- Exercise input:
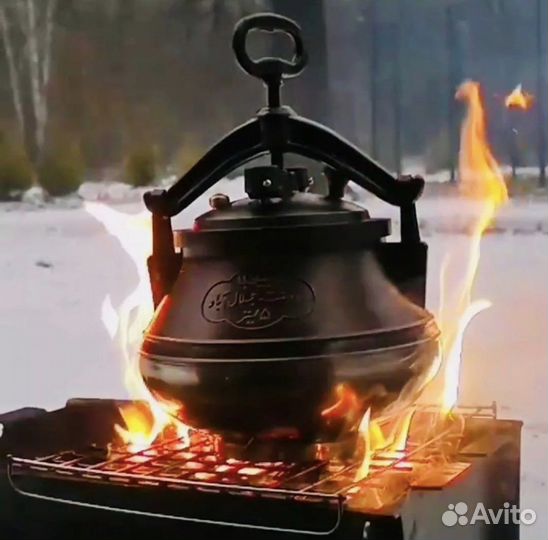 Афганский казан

==

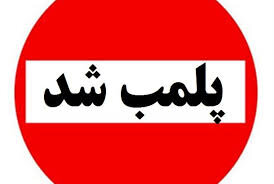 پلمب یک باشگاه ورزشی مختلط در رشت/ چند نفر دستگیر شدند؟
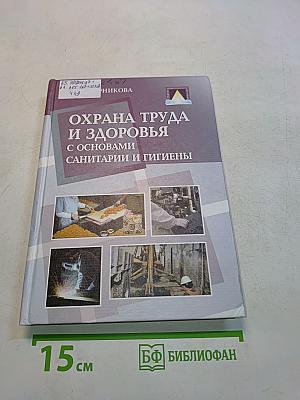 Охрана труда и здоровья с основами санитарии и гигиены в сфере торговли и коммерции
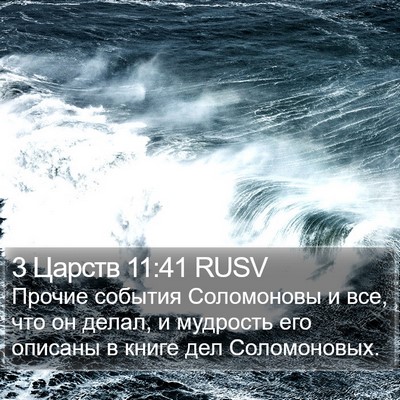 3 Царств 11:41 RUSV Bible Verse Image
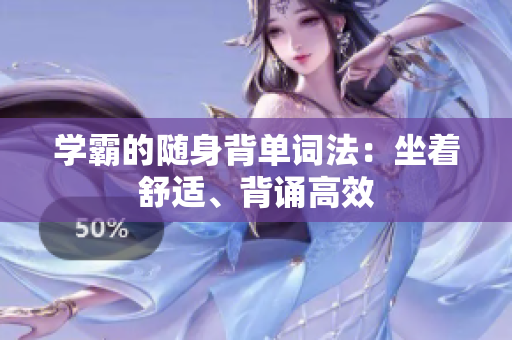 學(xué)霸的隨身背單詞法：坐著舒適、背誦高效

* * *

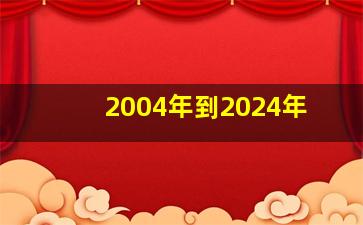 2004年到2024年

- Aim of the exercise: The response must repeat exactly the lines above from the one with "3 Царств 11:41 RUSV Bible Verse Image" through the one with "學(xué)霸的隨身背單詞法：坐著舒適、背誦高效", including both, and must contain no pictures and no other text.

- Result of the task:
 3 Царств 11:41 RUSV Bible Verse Image
 學(xué)霸的隨身背單詞法：坐著舒適、背誦高效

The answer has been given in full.